Improving the quality and openness of metadata about scholarly communications is an example where many small steps have been made. Because metadata is infrastructure, underpinning many other systems, it is almost entirely invisible. But the work to make it is not.
We make elements of progress, each of them seemingly quite small, but then in combination they suddenly enable significant change.
What we do within the Curtin Open Knowledge Initiative is possible in large part due to incremental improvements in the infrastructure of persistent identifiers and the quality of open metadata data generally. The improvement in access to open citations data as a result of I4OC has been a major boost to our research allowing us, for instance to make a fair comparison of how a citation count index would perform if it used different bibliographic data sources to define the set of outputs to count citations for.
But where does metadata end and content begin? As a research project we also want to be able to do more granular analysis of the contents of research. Lots of data sources provide a classification of the topics of articles, either at the journal or article level. But mostly these are black boxes that tell us more about who made those classifications than about the things we’re interested in. For instance, in my work I’ve frequently been more interested in categorising articles by the technique that they use, rather than the topic being studied.

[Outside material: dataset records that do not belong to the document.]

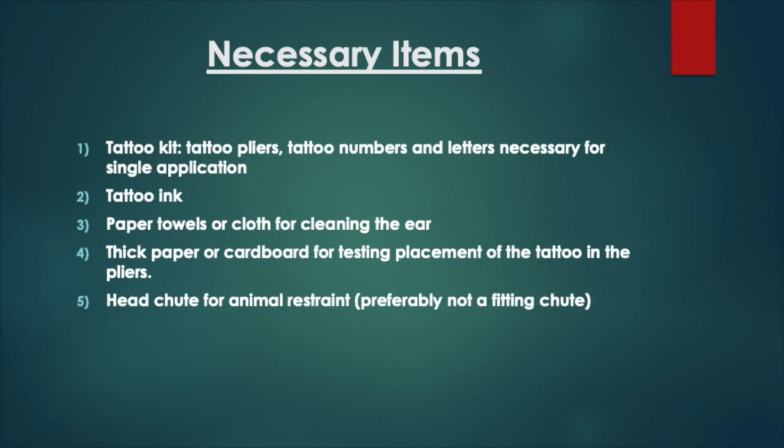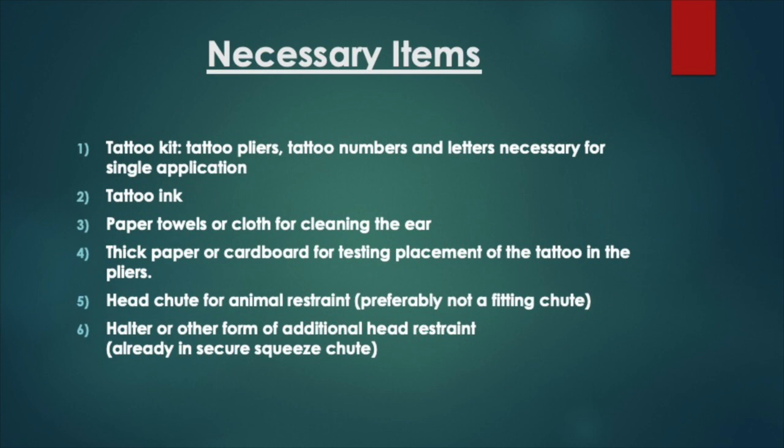Next, you're going to need a well-built sturdy chute for safety. It may also be helpful to have a halter to fully restrain the head of the heifer or steer. And finally, you'll need some rubbing alcohol to sanitize the pliers and digits.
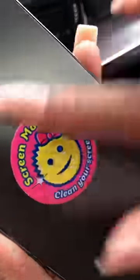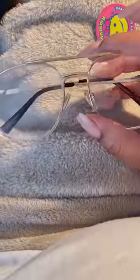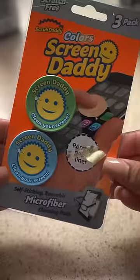Maybe don't wipe it on your pants, but the dirt does easily come off of it. You can even use it on your glasses. What doesn't Scrub Daddy have?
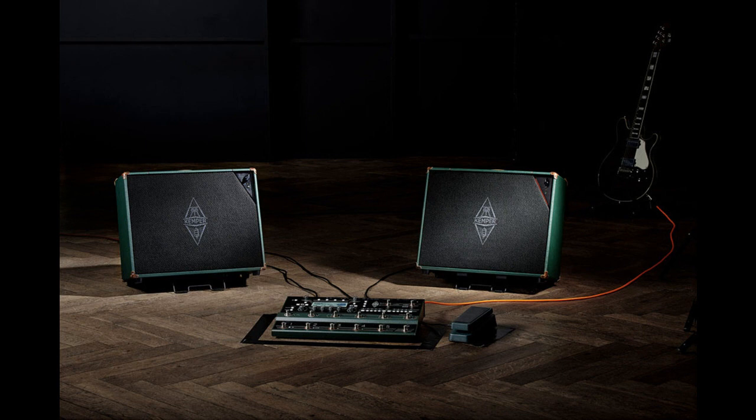The Kemper Power Cabinet is designed to be the perfect monitoring system for all owners of unpowered Kemper profilers — head, rack, and stage. Various bundles will become available. Stereo setups are supported.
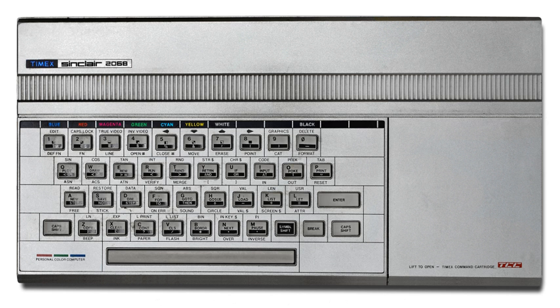The Timex Sinclair 2068, released in November 1983, was Timex Sinclair's fourth and last home computer for the United States market. It was also marketed in Argentina, Portugal and Poland as the Timex Computer 2068. A variant of the machine was later sold in Poland under the name Unipolbrit Computer 2086.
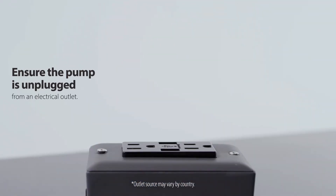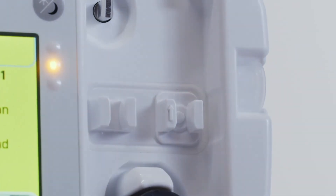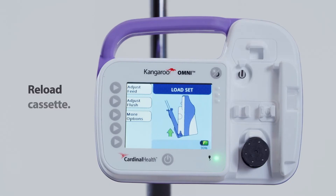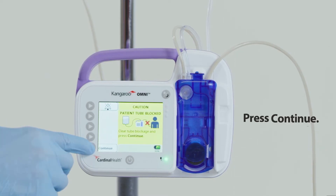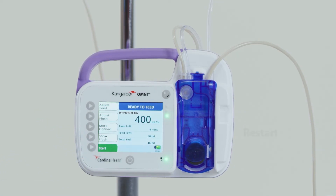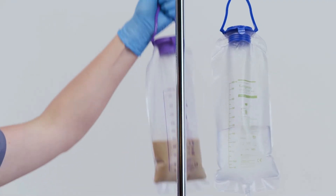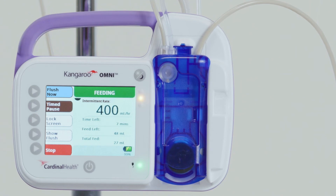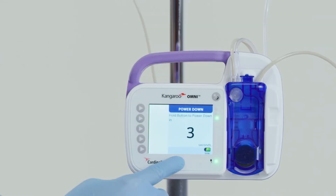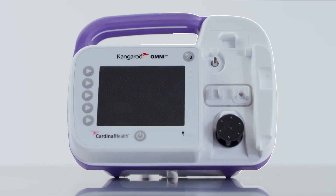First, ensure the pump is unplugged from an electrical outlet. Second, clean and dry the occlusion sensor region. Third, reload the cassette. Fourth, press continue. Fifth, restart feeding. If the alarm continues, replace the feeding set. If the alarm continues after replacing the feeding set, press power off and use a different Kangaroo Omni enteral feeding pump.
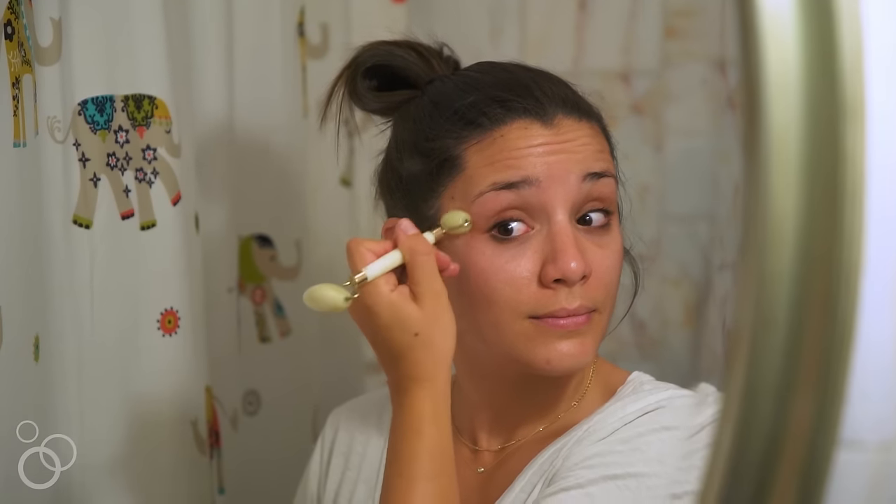The other thing is that jade rollers also help to drain your lymphatic system. As you'll see in the tutorial, we push towards our lymph nodes, which helps to get the circulation going and drain out your lymph. It's also really great for fine lines and wrinkles — using it under your eyes, getting into the fine lines like crow's feet, and up into your brow area. And if you feel a lot of deep tension in your jaw, you can use the little end to really dig in and help reduce some of that tension.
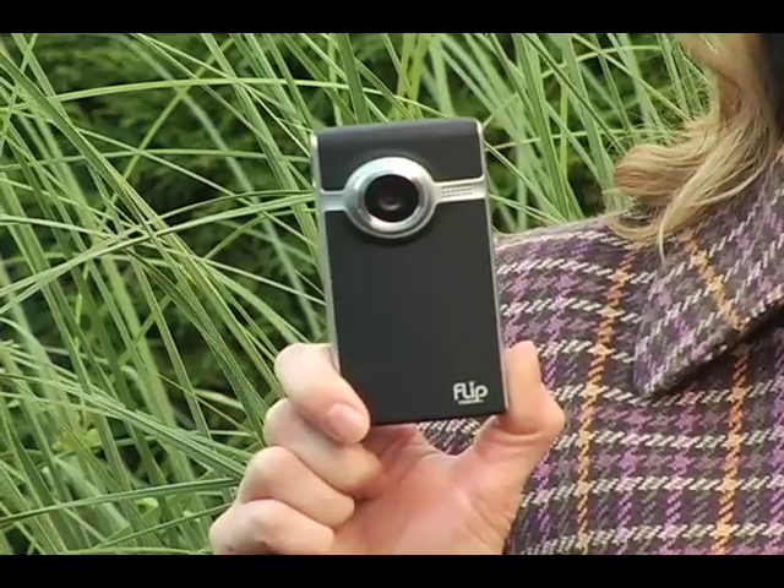Hi, I'm Katie and I'm going to show you how to connect your camera to your computer and then how to find that footage on your computer. But first let's shoot some video.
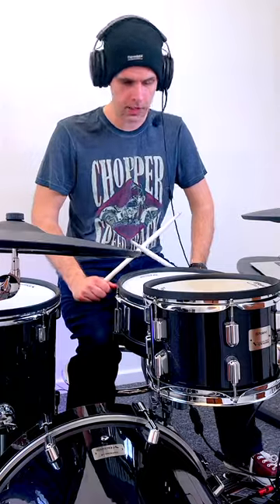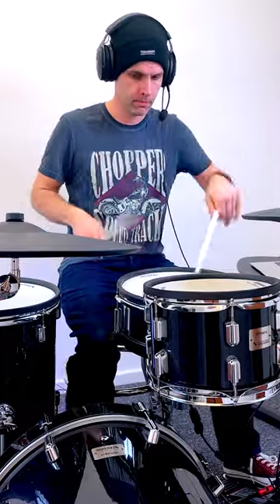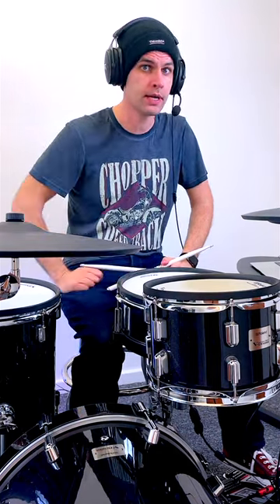And you can try and work that into your music — it's a really great fill to try. You can do accents on the snare and mix them up. Makes a really cool sound. Give it a go! If you want to find out more, check out drumdex.com.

Sometimes the region a study focuses on is more important than the discipline label. In a perfect world any researcher would be able to process the full text to create their own categorisations, but then we’re restricted to open access content, even assuming we can gather all the content together efficiently. Titles can tell us something, but certainly not enough.
What would make a huge difference is comprehensive and central access to abstracts….”
“In my discipline (e-health literacy), I often find myself debating whether abstracts being freely available to patients is of any real benefit. For researchers and clinicians, abstracts are a great timesaver—enabling a “flick-through” of the copious amounts of new articles for timely follow up. They may also be used by treating physicians and healthcare teams as a starting point for treatment planning and research. But abstracts are not designed to be an independent pathway to inform health decisions for patients lacking the appropriate professional expertise and health literacy skills….”
[Is this an argument against OA for abstracts, or for OA to full-text articles?]